Afghanistan shifts from reconciliation after Taliban impostor revealed
The revelation that NATO and members of the Afghanistan government may have been negotiating with a Taliban impostor has dealt a blow to peace talks.
Musadeq Sadeq/AP
Kabul, Afghanistan
After a man some officials believe to be simply a Pakistani shopkeeper duped NATO and members of the Afghan government into thinking he was one a top Taliban leader, the focus in Afghanistan is shifting from reconciliation and back to the mechanics of the war.
Speaking to reporters on Tuesday morning, the day news of the Taliban impostor broke, Afghanistan’s President Hamid Karzai was less interested in talking about meetings with the Taliban and more focused on what the NATO summit in Lisbon meant for his country.
Indeed, there remain serious questions about the legitimacy of talks with the Taliban following the revelation that NATO and Afghan officials had actually been dealing with a fake.
NATO and Afghan leaders reportedly thought they were in talks with Mullah Akhtar Muhammad Mansour, the Taliban No. 2. Only after flying him from Pakistan to Afghanistan, reportedly providing him with large sums of money, and arranging meetings with key leaders did they realize he was just an ordinary Pakistani shopkeeper posing as the high-level Taliban leader.

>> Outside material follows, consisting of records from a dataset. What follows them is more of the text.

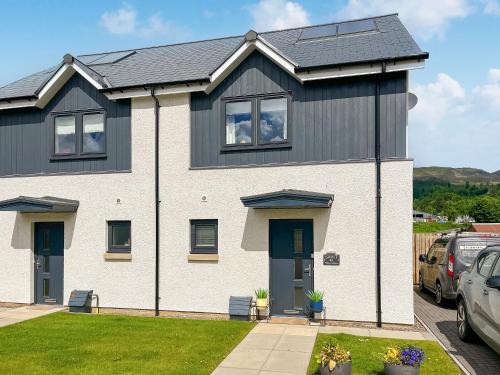Pitlochry House | Craigower View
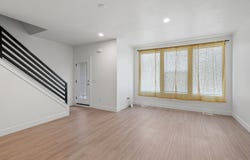 120 E ABBEVILLE Ct, Sandy, UT 84070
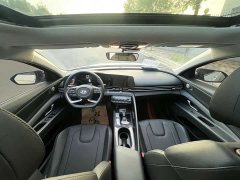 Hyundai Elantra 1.5L CVT Luxury - ფოტო 4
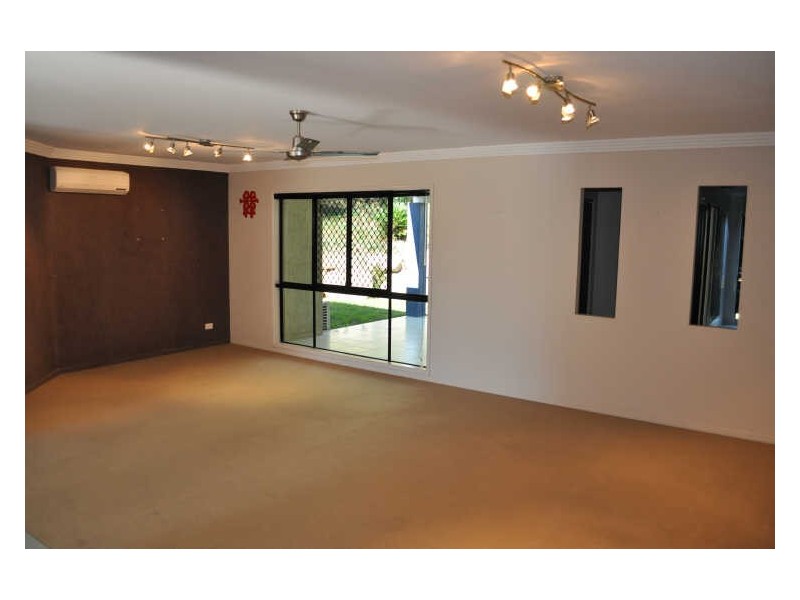 19 Wivenhoe Close, Clinton QLD 4680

Some speculate, however, that he may have been a Pakistani spy or an undercover Taliban trying to see what was on the table by posing as a high-level Taliban leader.
Taliban leadership have categorically denied any participation in talks since they began, and on Tuesday Karzai denied reports that he’d ever met with Mr. Mansour or anyone claiming to be him.
NATO officials say this underscores the difficulty of negotiating with the Taliban. The High Peace Council, appointed by Karzai in September to negotiate with the Taliban, has been widely criticized for lacking anyone with serious ties to the Taliban – a weakness that this latest incident underscores.
Meanwhile, the president continued to take umbrage over night raids – the center of a public spat between him and top American commander Gen. David Petraeus before the summit – and said he was pleased that NATO members had laid the ground work for creating a framework within Afghan law for their presence in Afghanistan.
“One of the most important issues NATO agreed on with us was that Afghanistan has the right and authority to take action about the legalization of the presence of foreign troops here in Afghanistan,” he said. “It’s a new achievement.”
Although the details of such an agreement have yet to be discussed, American commanders who served in Iraq are likely to take note. In the final years of the Iraq war, a status of forces agreement determined a timetable for withdraw, but also required the US to get warrants to search homes and attain approval from their Iraqi counterparts before conducting certain types of operations, among other things.
Still, any such deal is a long way from the negotiation table. At Lisbon, NATO and Afghan officials only agreed that the country could create such a law.
“It is so early in the discussion that it is probably designed to be more of a rhetorical pressure builder than anything else,” says Daoud Sultanzoy, an Afghan member of parliament from Ghazni.
Among Afghans, there are concerns about how an agreement that could potentially require NATO forces to seek the approval of their Afghan counterparts could affect the shape of the war.
“In principle, I am in favor of legalizing [the presence of international forces],” says Barry Salaam, a civil society activist and journalist. “But on the other hand, there is the risk that the government of Afghanistan might at times be biased by not approving certain moves by NATO that are in the interest of the whole country, but not particularly in the interest of a certain group or political party.”